Dans le film d'Emmerich, la circulation des masses d'eau des océans, qui bougent comme si elles étaient tirées par une immense courroie reliant l'Atlantique, le Pacifique et l'océan Indien, s'arrête tout d'un coup parce qu'il n'y a plus de gel dans les régions arctiques et que la fonte des glaciers a libéré tellement d'eau douce que la salinité de l'océan a été réduite de beaucoup.
Or, depuis des millions d'années, le gel des banquises extrait le sel de l'eau de mer. Cette désalinisation accroît la salinité de l'eau de surface non gelée et intensifie la plongée au fond de l'océan des eaux refroidies au contact de l'air arctique. C'est cette plongée des courants marins aux portes du Grand Nord qui tire les eaux chaudes des mers du sud vers l'Europe et qui explique le climat tempéré de cette région. Mais dans le film, lorsque la courroie océane s'arrête, la chaleur s'arrête elle aussi, provoquant des collisions inouïes entre les masses d'air et entraînant des cyclones et un froid sibérien qui fige New York sous une mer de glace permanente. Avec sa population.
«Rien ne permet de penser que c'est possible, explique Alain Bourque, car le mouvement des océans ralentira progressivement avec les changements climatiques. Il ne devrait pas s'arrêter comme dans le film. La poussée thermohaline continuera de s'exercer à cause des mouvements climatiques qui jouent dans les autres océans. D'autre part, les modèles nous disent que l'Europe gèlera bien avant l'Amérique si la circulation thermohaline ralentit, comme le prévoient les modèles mathématiques. C'était sans doute un scénario moins intéressant pour Hollywood! Cependant — et là-dessus, le film rejoint les prévisions —, un dérèglement important du climat, caractérisé par des phénomènes extrêmes, va accompagner le réchauffement. Mais les cataclysmes qu'on montre dans le film ne peuvent atteindre de pareilles échelles: par exemple, si toute l'eau qui tombe sur Montréal en un an tombait en neige, cela donnerait environ 12 mètres. Ça prendrait beaucoup de temps avant qu'on couvre le mont Royal, alors que dans le film, ça se produit en quelques jours sur New York. Au fond, le film actualise des scénarios dont les prémisses sont fausses, comme l'arrêt de la thermohaline océane, des cataclysmes qui frappent toute la planète, alors qu'ils vont plutôt avoir des impacts régionaux, et une accélération temporelle sans rapport avec la réalité. Mais bon, on est dans la science-fiction.»

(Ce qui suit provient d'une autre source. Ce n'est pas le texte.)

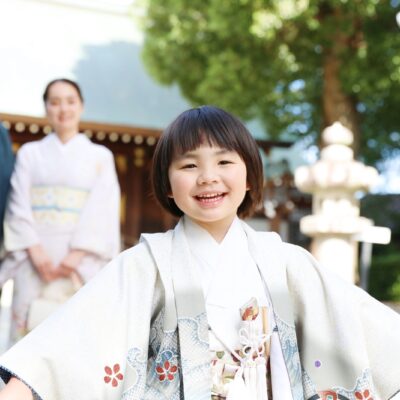 七五三　５歳　松陰神社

Mais pour Steven Guilbeault, plusieurs éléments du film demeurent vraisemblables: les petits pays insulaires du Pacifique, note-t-il, ont commencé à négocier l'achat des territoires où ils s'apprêtent à émigrer afin d'éviter la noyade sous l'effet de la montée du niveau des mers. Voir les États-Unis demander asile au Mexique en échange de l'effacement de la dette du Tiers-Monde, dit-il, ne propose qu'une échelle différente d'un phénomène migratoire qui sera éventuellement au rendez-vous.
À la limite, estime avec humilité le militant environnemental, un film comme Le Jour d'après «pourrait bien avoir un effet de sensibilisation plus important que bien des campagnes basées sur des rapports scientifiques. Il parle un langage hollywoodien que les Américains comprennent. Il se termine sur un message du président des États-Unis qui reconnaît, à six mois de la présidentielle américaine, que cela a été une erreur monumentale d'ignorer le protocole de Kyoto. Certains diront que tout ça, c'est de l'exagération, mais l'idée pourrait bien faire du chemin par cette voie malgré les imperfections du message, en raison de son accessibilité».
Il n'est pas abusif de faire ici un parallèle avec ces nombreux films de fiction des trois dernières décennies, qui nous ont montré des explosions nucléaires de fin du monde. Personne n'en a retenu qu'ils étaient véridiques ou rigoureux. Mais qui voudrait vérifier leur authenticité ou pouvoir se dire après coup qu'on aurait dû y penser avant?